In a recent legal development, lawyers representing Terraform Labs and its co-founder, Do Kwon, have argued that a $1 million fine would be more suitable, contrasting sharply with the $5.3 billion fine proposed by the U.S. Securities and Exchange Commission (SEC). This legal stance was outlined after the SEC recommended that Kwon and Terraform should be liable for approximately $4.7 billion in disgorgement and prejudgment interest, along with civil penalties of $420 million and $100 million respectively.
The legal team for Kwon and Terraform submitted their argument in a court filing last week, stating that the court should reject any injunctive relief or disgorgement and should impose a civil penalty of no more than $1 million against Terraform Labs (TFL).
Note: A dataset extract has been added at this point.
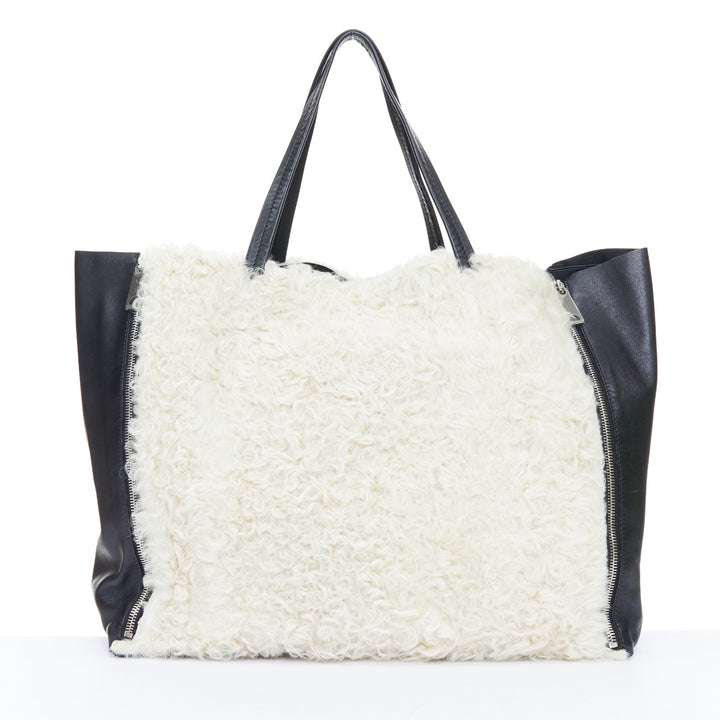 CELINE 2011 Vertical Gusset Cabas cream shearling black leather zip tote bag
The case against Terraform and Kwon began when the SEC charged them in February 2023 concerning the operations around their algorithmic stablecoin, Terra USD (UST), which dramatically collapsed in May 2022. The collapse resulted in over $50 billion in losses, attributed to the stablecoin’s dependency on market algorithms and its linkage to the governance token, Luna, to maintain price stability.
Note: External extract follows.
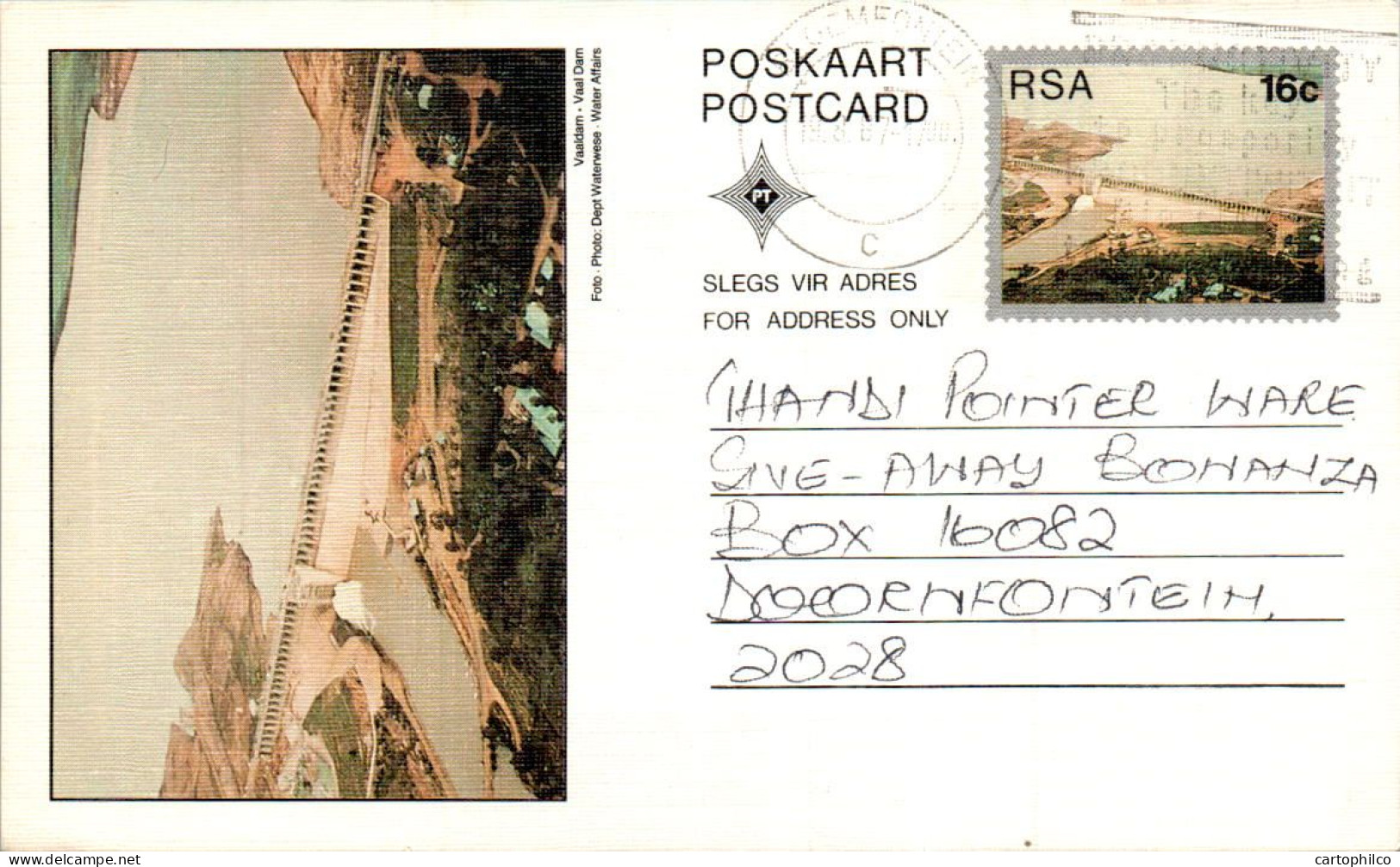 RSA South Africa Postal Stationery Dam To Doornfontein - Covers & Documents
This month, a jury found Terraform and Kwon liable for civil fraud, concluding they misled investors. The jury’s deliberations focused on allegations that Kwon and Terraform violated federal securities laws through fraudulent activities linked to the buying and selling of Terraform securities. Prior to this, Judge Jed Rakoff had granted summary judgment in favor of the SEC on claims that Terraform and Kwon had offered and sold unregistered securities.
The discrepancy between the proposed penalties by the SEC and Terraform’s counterproposal highlights the ongoing legal battle and its potential implications for the cryptocurrency industry, particularly concerning the regulation and operation of algorithmic stablecoins.